Second generation a welcome addition

By Anglican Journal
Published March 1, 2004

Steve Bell’s daughter Sarah joins him on Sons & Daughters album.

Both change and constancy have marked the life and work of Manitoba-based musician Steve Bell. In his teens, he was honing his skills as a world-class guitar picker. In his twenties, he was a member of the folk pop trio Elias, Schritt and Bell. In his thirties, he was a stay-at-home dad before finding his niche as a musician.

Bell has spent the last 15 years honing those skills and refining that niche with spectacular results. A two-time Juno Award winner, he has released 10 albums and sold nearly 200,000 units worldwide.
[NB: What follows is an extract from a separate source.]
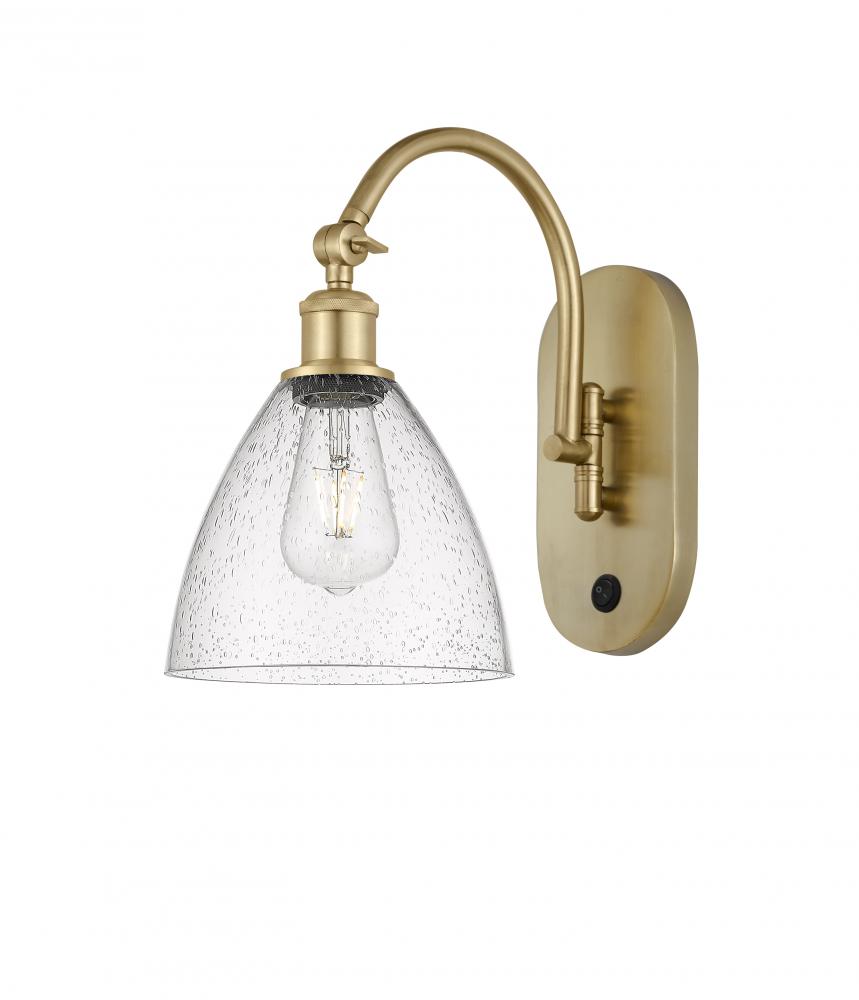 Bristol - 1 Light - 8 inch - Satin Gold - Sconce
He straddles two musical idioms — Christian music by  virtue of lyrical gifts that are unique and folk/pop/roots secular music with a signature, evocative tenor voice, a great knack for a timeless hook, and those early guitar-picking skills now fully developed.

Never have the intertwining of change and constancy been more apparent than on the baker’s dozen tracks that make up his new album Sons & Daughters.
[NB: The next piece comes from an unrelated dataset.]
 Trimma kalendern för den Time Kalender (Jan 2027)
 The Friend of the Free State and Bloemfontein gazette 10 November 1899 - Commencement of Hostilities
The big change is the high profile of Bell ‘s now-adult daughter Sarah, who earns co-credit status on this album after cameoing on the Juno Award-winning album Simple Songs.

Sarah does lead vocals on four tracks, and her pure, unadorned soprano ? a clarion call that recalls Susan Aglukark ? is especially effective as a harmony counterpoint to Steve’s tenor.

There are other changes too ? a rhumba feel to Everything Lies, a 3/4 shuffle beat in Getting Ready For Glory, and an overall jazzier sound in much of the music.

“Sonically, Sons & Daughters has a moodier, jazzier feel than I initially anticipated,” Bell said in December as the album was launched.

“The musicians who contributed gave spectacular performances and helped fashion the album in a direction that has surprised and delighted me.”

Collaborators include jazz pianist Mike Janzen, double bassist Gilles Fournier, and percussionist Alex Acuna.

While there is change, there is also constancy in Steve Bell himself. He has a unique ability to paraphrase Scripture in a way that transcends boundaries and barriers. This time around, the showcase piece of this sort is Psalm 116.

Meanwhile, his textbook, tasty acoustic guitar picking and licks are the undercore of the construction of most songs and the execution of all of them.

This is the case with his originals, but it is even evident on the covers. For instance, when Sarah sings the nugget I’ll Fly Away, Steve tweaks with the familiar progression to give the song new life, and his picking veers between jazz and bluegrass.

“Lyrically, there is the wacky disparity between the mystical poetry of St. Francis of Assisi and the light-hearted retro optimism of Paul Simon’s Feelin’ Groovy ? but it all works for me,” said Bell.

“And the title, Sons & Daughters, was picked in celebration of the fact that the focus of Sarah’s and my relationship is rightly changing from father / daughter to the mutuality of sons and daughters on a common journey.”

This is a journey with wonderful side trips and consistent artistic vision and growth. It will be showcased in a national tour this spring.